**GIVEN MATERIAL:**
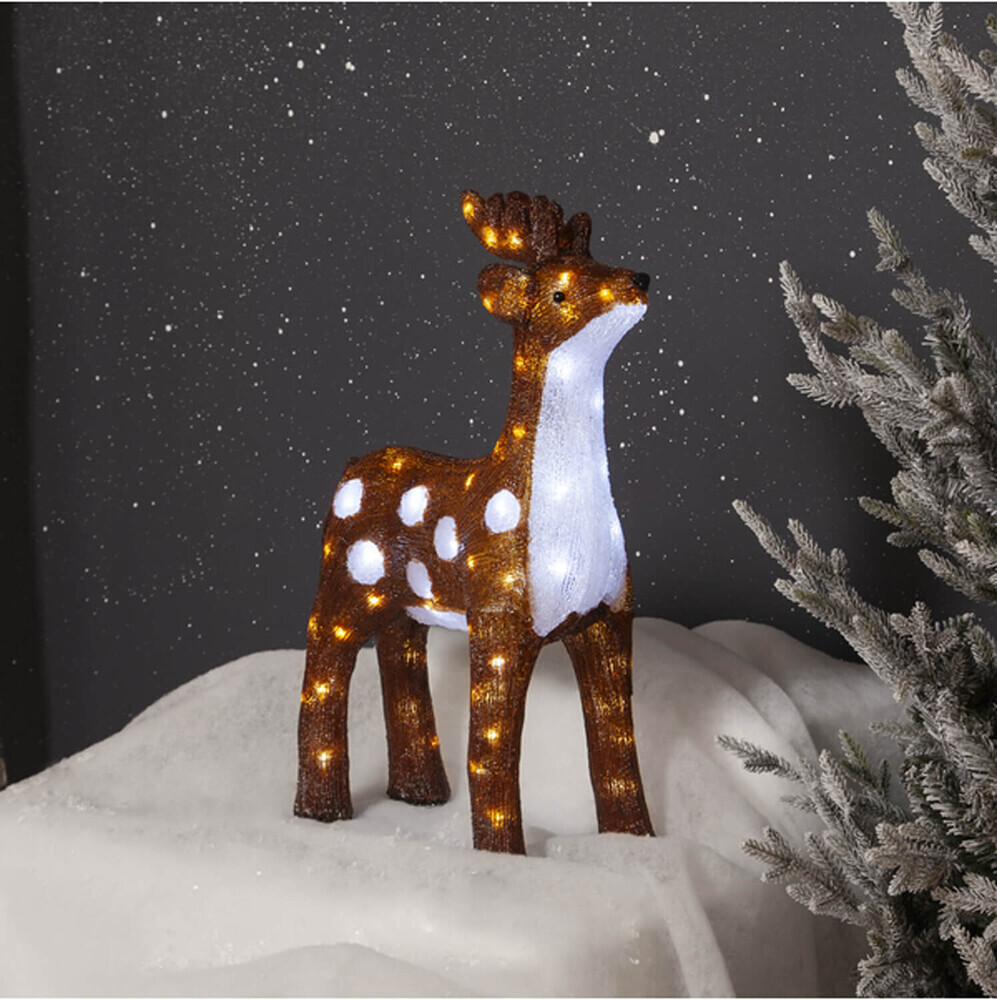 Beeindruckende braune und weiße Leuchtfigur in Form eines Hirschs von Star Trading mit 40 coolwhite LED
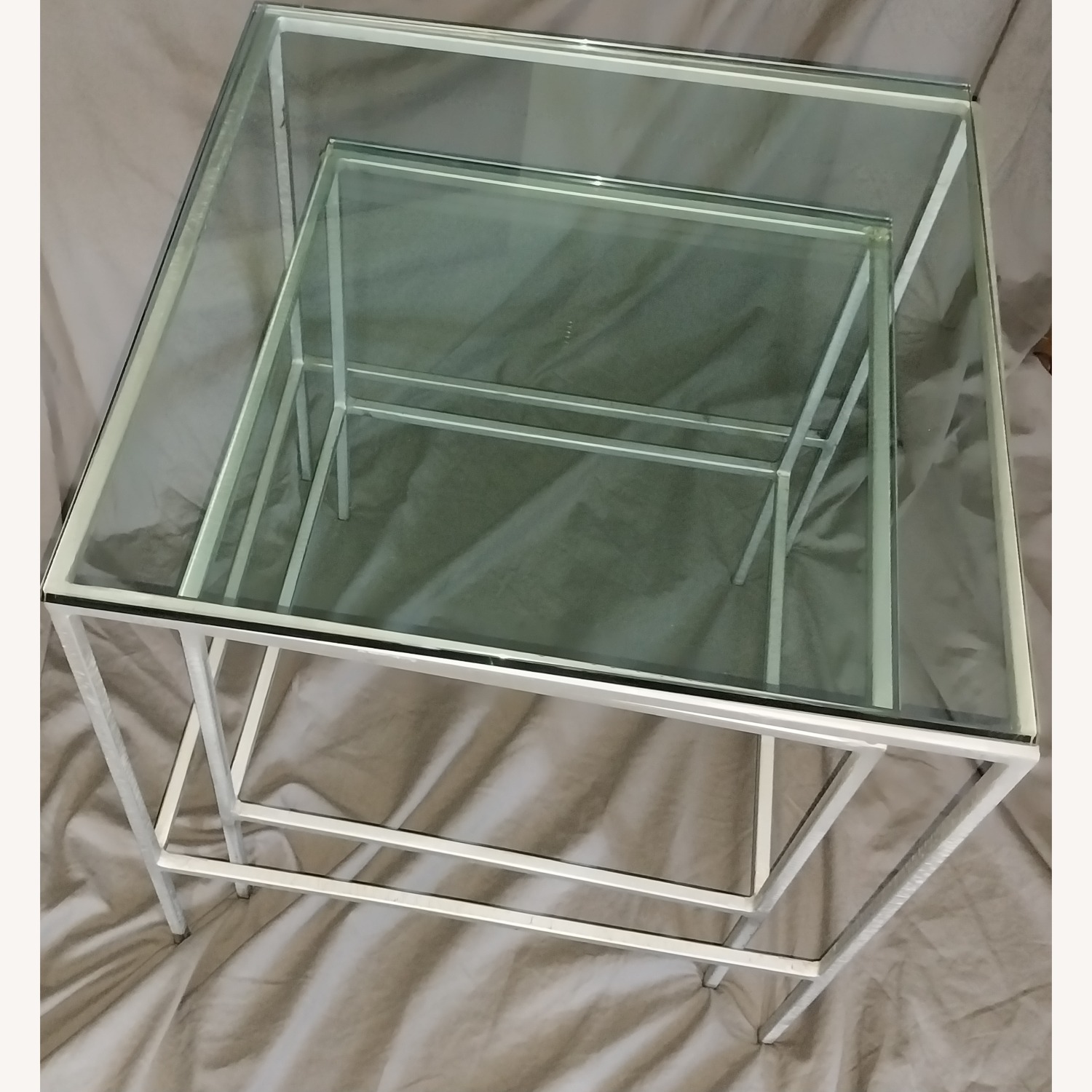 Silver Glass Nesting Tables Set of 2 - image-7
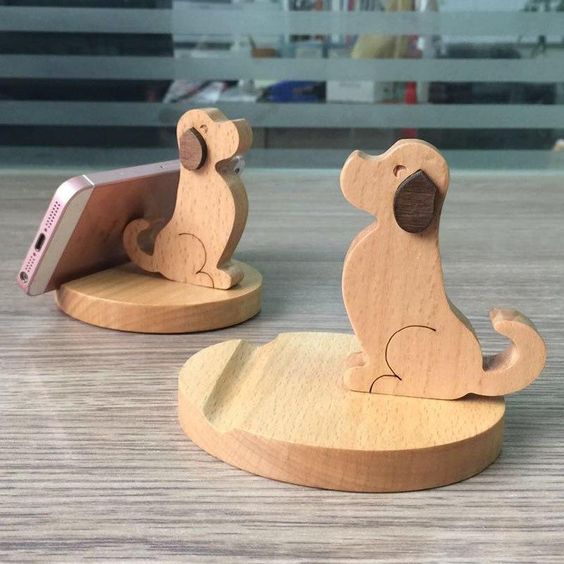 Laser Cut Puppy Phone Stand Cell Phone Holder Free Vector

**EXERCISE DETAILS:**
Output the listing word for word. Drop the pictures.

**EXERCISE RESPONSE:**
 Beeindruckende braune und weiße Leuchtfigur in Form eines Hirschs von Star Trading mit 40 coolwhite LED
 Silver Glass Nesting Tables Set of 2 - image-7
 Laser Cut Puppy Phone Stand Cell Phone Holder Free Vector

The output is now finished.